E. SISTEMATIKA PENULISAN

  Sistematika penulisan pada penelitian ini adalah sebagai berikut:

  1. Bab I Pendahuluan

  Bab I Pendahuluan berisi uraian mengenai latar belakang masalah, perumusan masalah, tujuan penelitian, dan manfaat penelitian, serta sistematika penulisan.
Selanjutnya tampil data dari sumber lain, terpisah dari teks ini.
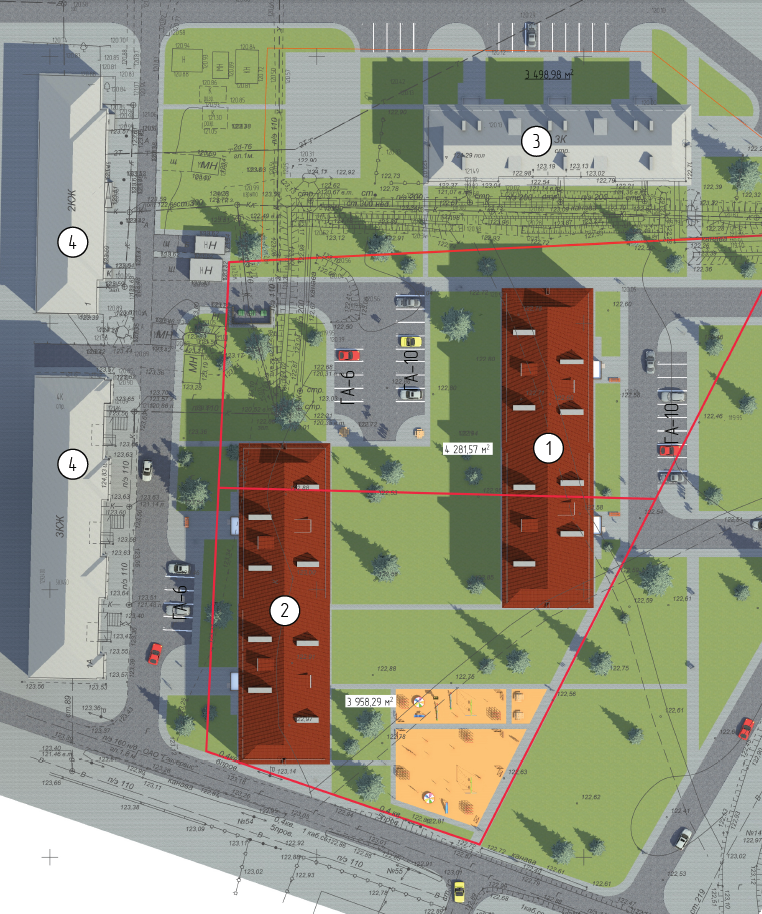 Схема размещения блок-секций многоквартирного трехэтажного жилого дома на земельном участке проект 3.7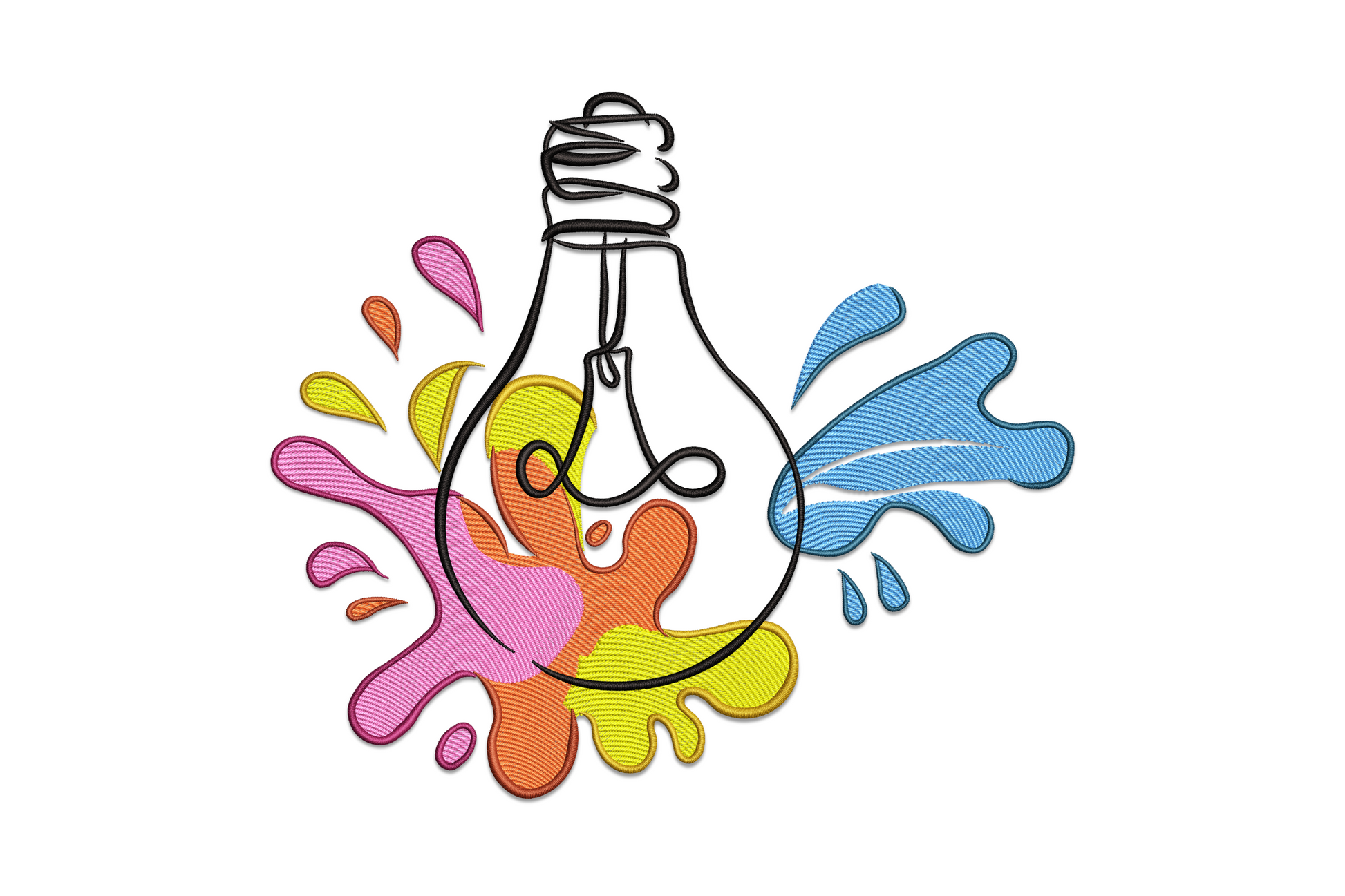 Light bulb paint splash embroidery design with nine-colour interior burst inside clean bulb outline on white background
  2. Bab II Tinjauan Pustaka

  Bab II Tinjauan Pustaka berisi tinjauan teori-teori penunjang penelitian ini meliputi teori psychological well being, suku bangsa Batak Toba, janda lansia, dan dinamika psychological well being pada janda lansia suku Batak Toba yang tinggal dengan anak, serta diakhiri dengan pembuatan paradigma penelitian.

  3. Bab III Metode Penelitian

  Bab III Metode Penelitian berisi metode penelitian yang digunakan pada penelitian ini yaitu penelitian kualitatif fenomenologis, responden, prosedur pengambilan responden, lokasi penelitian, metode pengumpulan data, alat bantu pengumpulan data, kredibilitas penelitian, serta prosedur penelitian.

  4. Bab IV Hasil Analisis Data

  Bab IV Hasil Analisis Data berisi penjabaran hasil analisis data ke dalam bentuk penjelasan yang lebih terperinci dan runtut disertai data pendukung lainnya.

  5. Bab V Kesimpulan, Diskusi, dan Saran

  Bab V terdiri dari kesimpulan, diskusi, dan saran. Kesimpulan berisi jawaban dari pertanyaan penelitian yang dituangkan dalam perumusan masalah penelitian. Diskusi membahas kesesuaian antara paradigma penelitian dengan data penelitian, dan atau ketidaksesuaian antara paradigma penelitian dengan data penelitian, dan atau ketidaksesuaian data dengan teori-teori dan penelitian- penelitian yang dipaparkan di bab II. Data yang tidak dapat dijelaskan dengan teori-teori dan penelitian-penelitian yang sudah ada, dapat dijelaskan dengan menggunakan teori lain atau logika peneliti. Saran meliputi saran praktis dan saran untuk penelitian lanjutan.